Kathleen is Research Director at FOREX.com, a global leader in Forex trading. She uses both fundamental and technical methods in her analysis.

Kathleen provides daily research and market updates as well as a weekly webinar on market themes. She is a regular contributor to Yahoo Finance, Reuters Great Debate Blog as well as a host of other international publications. Kathleen is often quoted in the global financial press and is a regular contributor on business TV including CNBC and CNBC Arabia.

Kathleen started her career in finance at BP where she worked first as a business analyst in its trading division and then as a trading analyst in its foreign exchange dealing room.

Simply This e-mail address is being protected from spambots. You need JavaScript enabled to view it to ask Kathleen your Forex question.

What is the relationship between the RBA official interest rate and the FX currency AUD/USD?

This is a great question and once you master this relationship it can really enhance your trading. Interest rates are a key driver of a currency’s value. Let me explain. Say the economy is doing well. Growth is picking up, the labour market is tightening, and consumers’ are spending their hard-earned cash. This starts to weigh on inflation as demand in the economy increases so to do price pressures. A central bank’s role is always to remove the punch bowl just as the party gets in to full swing, so when the economy starts to look good central bankers usually begin raising interest rates to slow things down a bit so inflation doesn’t get out of control.
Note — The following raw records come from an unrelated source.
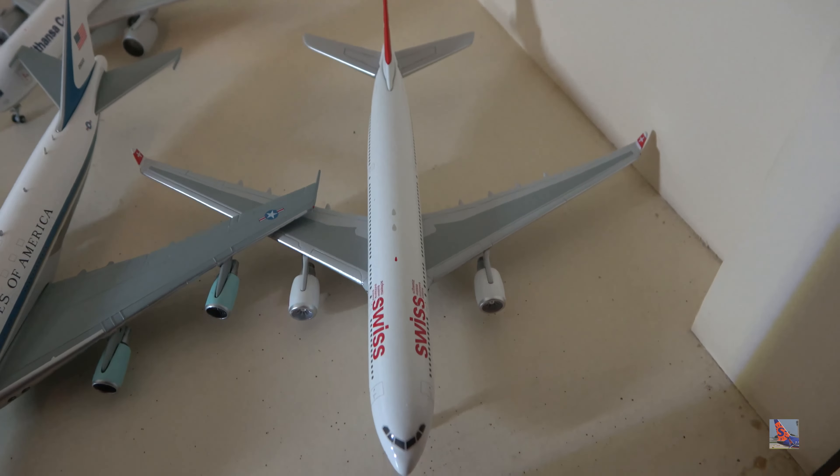Let's move up to the mixed shelf. Starting off at the back, we have an Air France A340-300 that I got quite a few years ago — I think it was a Valentine's Day gift. I've kind of broken it a little because one of the wheels is missing. The unique landing gear looks like it might be a Phoenix mold.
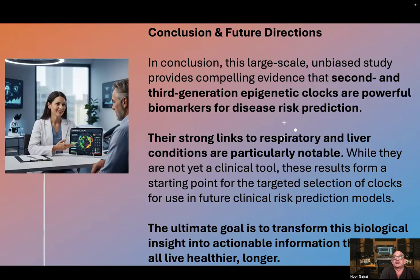In conclusion, this large-scale, unbiased study provides compelling evidence that second and third generation epigenetic clocks are powerful biomarkers for disease risk prediction. Their strong links to respiratory and liver conditions are particularly notable.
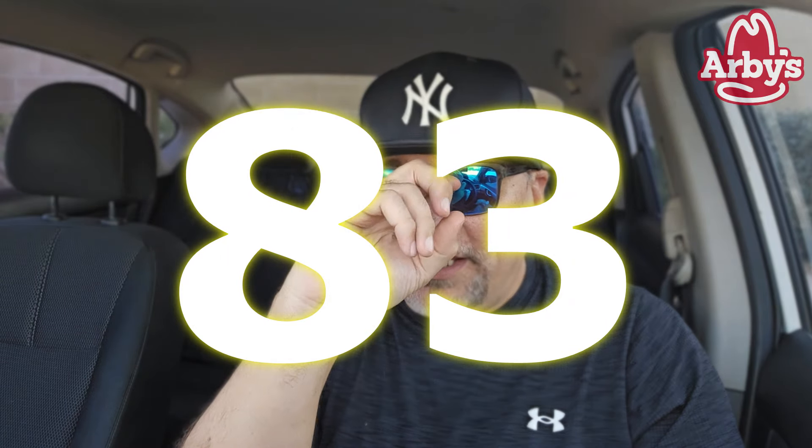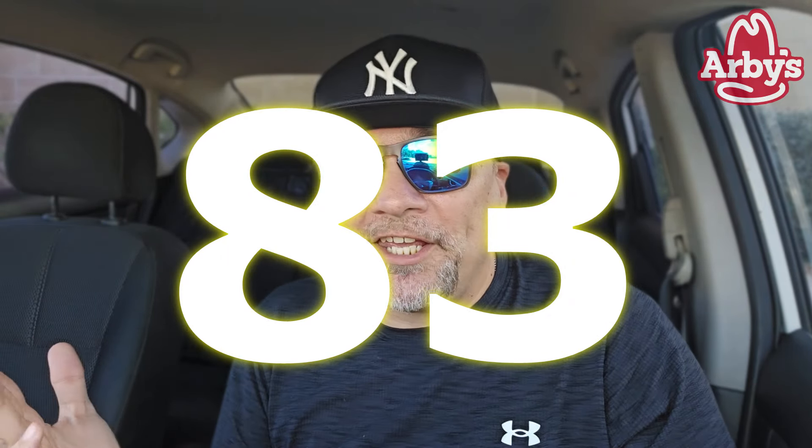One to 100 — a solid 83 on that. I almost said 84, and I also said 81, but I didn't say either of those. We're going to give it a solid 83, and that's the rating and I'm sticking to it. There you go, another review in the books.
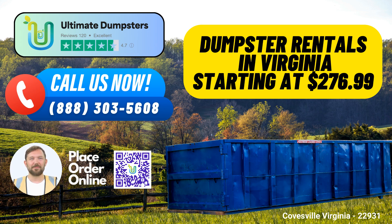To place an order with Ultimate Dumpsters, you have two convenient options: you can call us directly, or use the QR code in this video to place your order online.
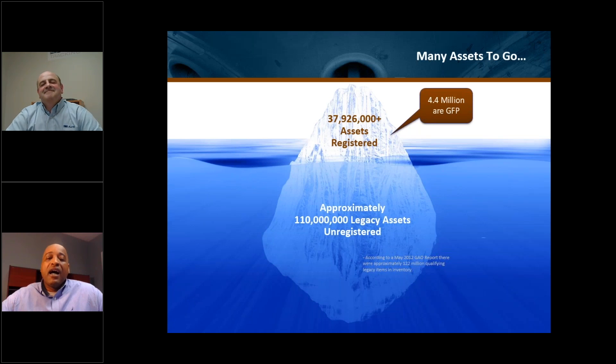From an estimate perspective, there are almost 110 million legacy assets that are unregistered. The DOD really understands that they've got to pass an audit, and they can't pass an audit if the contracts out there are not marked. There's no reporting into the IUID registry, and they can't account for their items, who has custody, or what condition these assets are in.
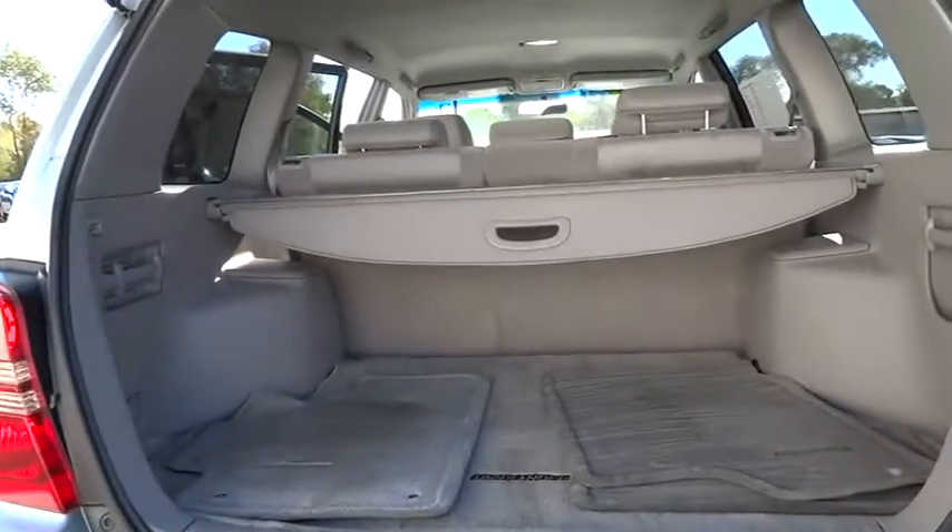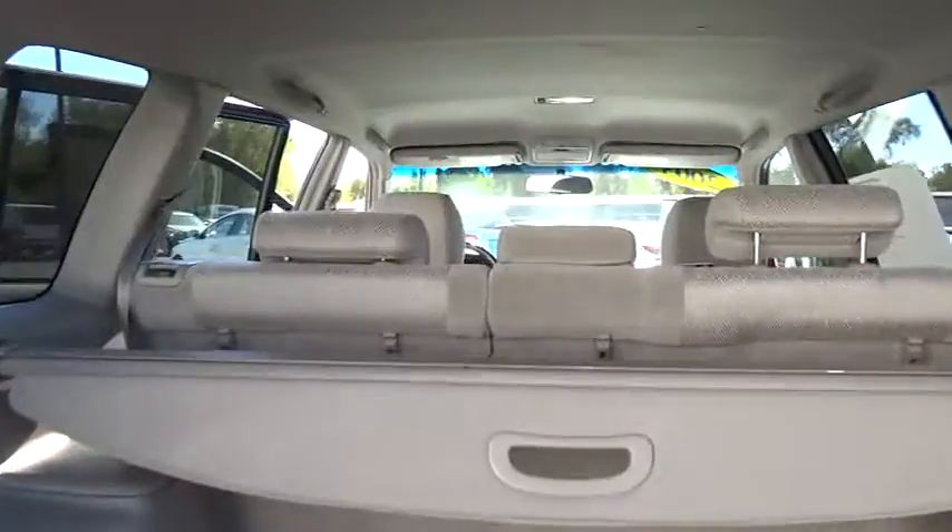Take this vehicle for a spin and see why so many shoppers are now proud owners.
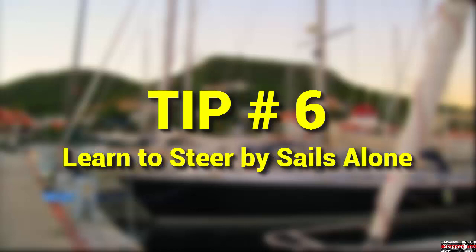Learn the basic skills to steer your boat under sails alone without the rudder. Practice this in an open area. First, learn how to steer your boat in a straight line. Lock the wheel or lash the tiller amidships. Pick a point in the distance ahead of the boat to steer on. To head up toward the wind, ease the headsail sheet and trim the main sheet. To fall off the wind, ease the main sheet and trim the headsail sheet.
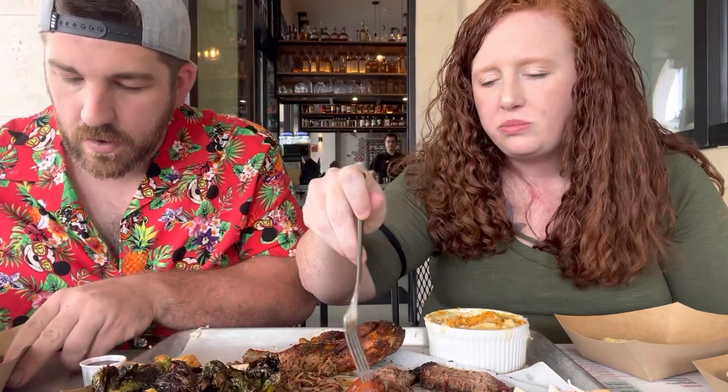The last time we had brisket was back in November at Buc-ee's — that was pretty good. The pulled pork is very smoky; it's not like a Carolina where it's a vinegar base. We're sitting outside — it's a beautiful day, only about 83 degrees. Let's try this cheddar sausage.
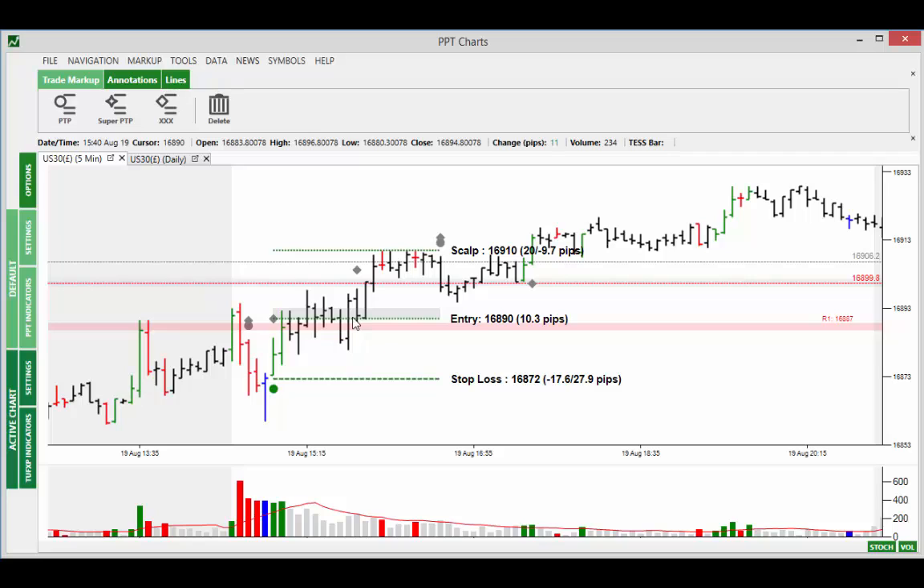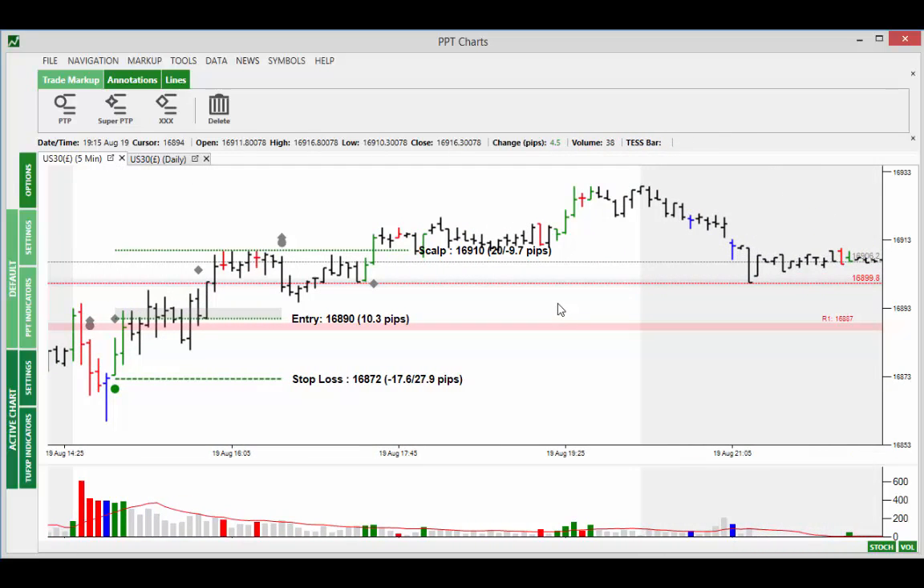Prices traded in a sideways range for the next hour before trading up to the 16,900 BRN there. And eventually you see it moving up towards the scalp, still not actually filling it at this time. If I just drag the scalp line across there, it took until here before the trade was actually classed as a dark green PTP, with the market hitting the scalp area. We had two XXXs and a PTP in between, neither of which were filled. And then a new buy signal late on in the afternoon. So the market traded up to the scalp.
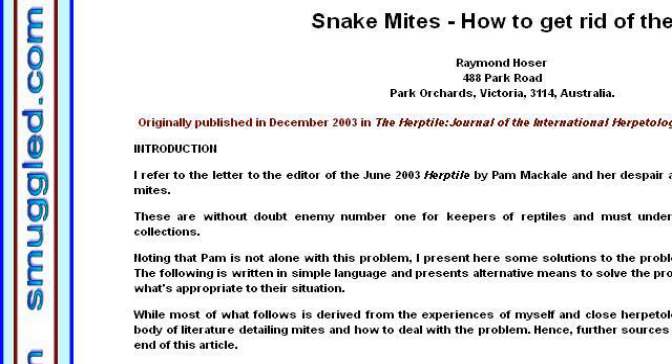Last but not least, try our third rank site www.smuggled.com — the webpage Snake Mites: How to Get Rid of Them, Mite Treatments. This is the link.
A currency’s worth is based on what it can earn from interest – when interest rates rise relative to elsewhere more foreign investors are attracted to the currency. More people want to buy it and this adds to the upward
pressure on the currency.

Interest rates also affect the supply of a currency. When a central bank hikes rates they are essentially withdrawing money from the economy, reducing supply and increasing demand – thus its value rises.

The same works in reverse. So when rates fall more money flows into the economy, supply outstrips demand and its value falls.

Generally, in normal economic conditions currencies with higher rates of interest will tend to out-perform those with lower rates. Of course, there are exceptions. For example, if interest rates are rising because investors
are worried about the solvency or credit risk of a country then the currency is likely to fall.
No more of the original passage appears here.